You are viewing a plain text version of this content. The canonical link for it is here.
Posted to issues@spark.apache.org by "Sean Owen (JIRA)" <ji...@apache.org> on 2019/05/31 12:23:00 UTC

[jira] [Commented] (SPARK-27896) Fix definition of clustering silhouette coefficient for 1-element clusters

    [ https://issues.apache.org/jira/browse/SPARK-27896?page=com.atlassian.jira.plugin.system.issuetabpanels:comment-tabpanel&focusedCommentId=16852962#comment-16852962 ] 

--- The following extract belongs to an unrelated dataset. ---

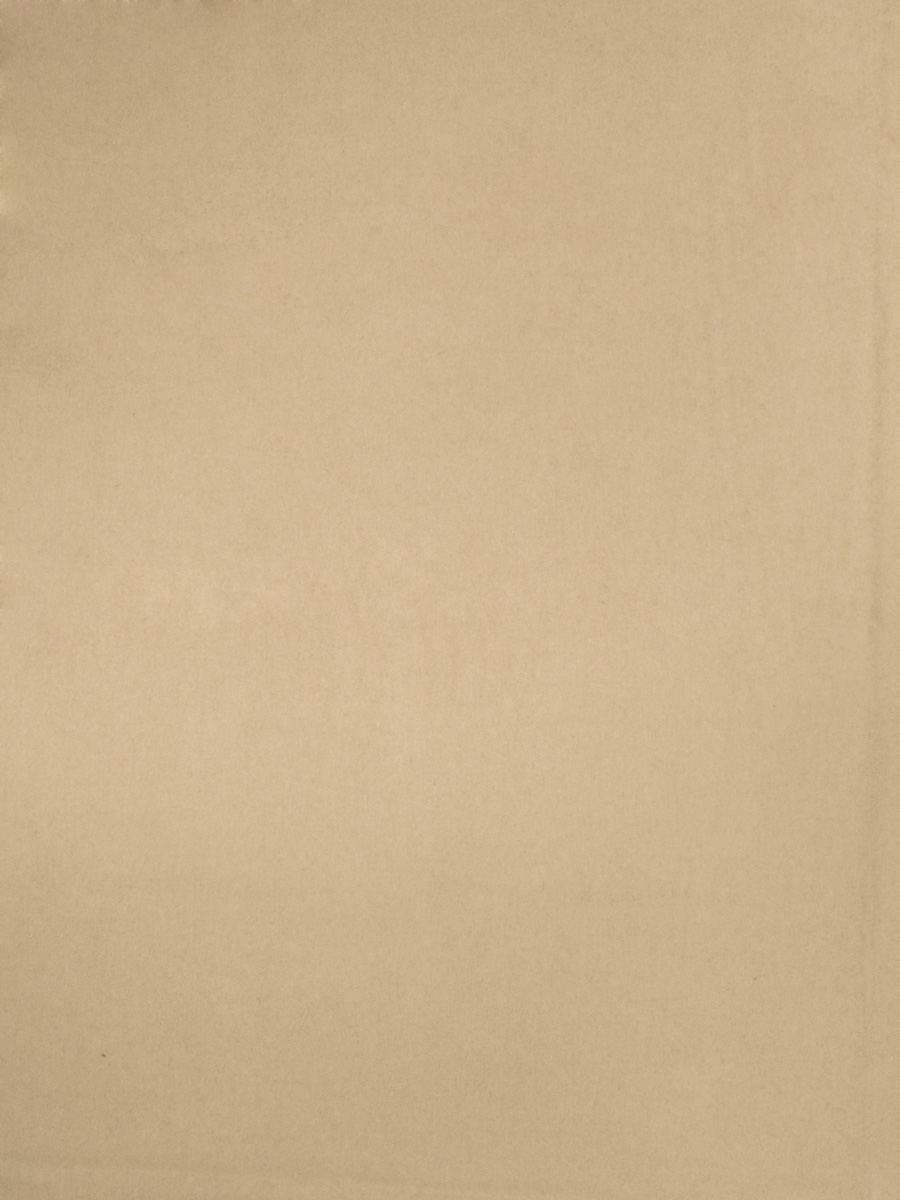 Divine Wool – Camel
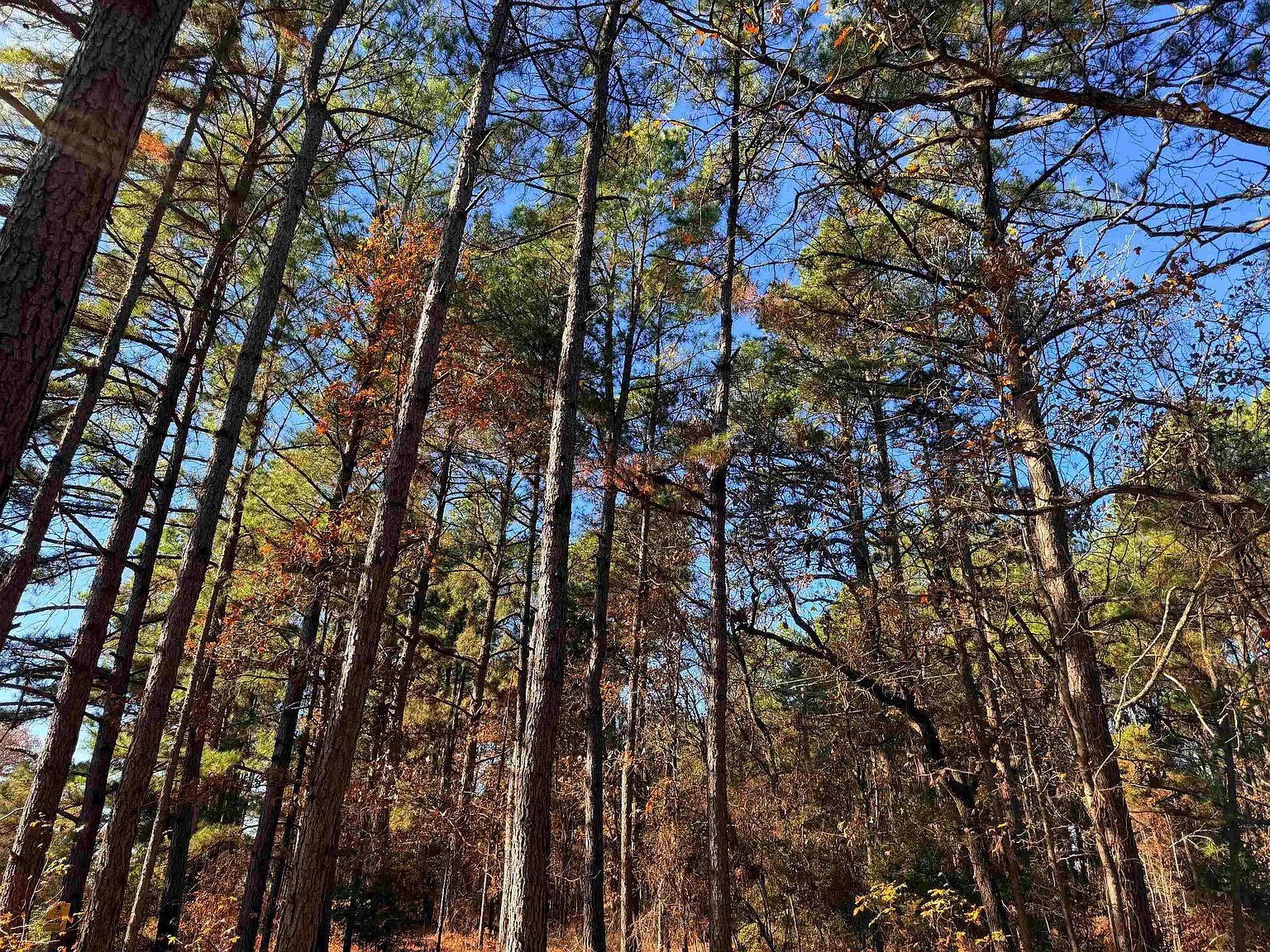 Fm 726 #4 Jefferson, TX 75657 - Thumbnail 3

Sean Owen commented on SPARK-27896:
-----------------------------------

Copying follow up from email:

Yes the paper does say the silhouette is 0 in this case. That's an
argument to change it.

On the other hand, I am not sure if I agree with the paper here. If A
consists of one point, then that point's assignment is optimal in a
sense. Setting the silhouette to 0 indicates that assigning it to B,
which is a cluster of more distant points, is just as good. I don't
think that makes as much sense as 1, which it returns now.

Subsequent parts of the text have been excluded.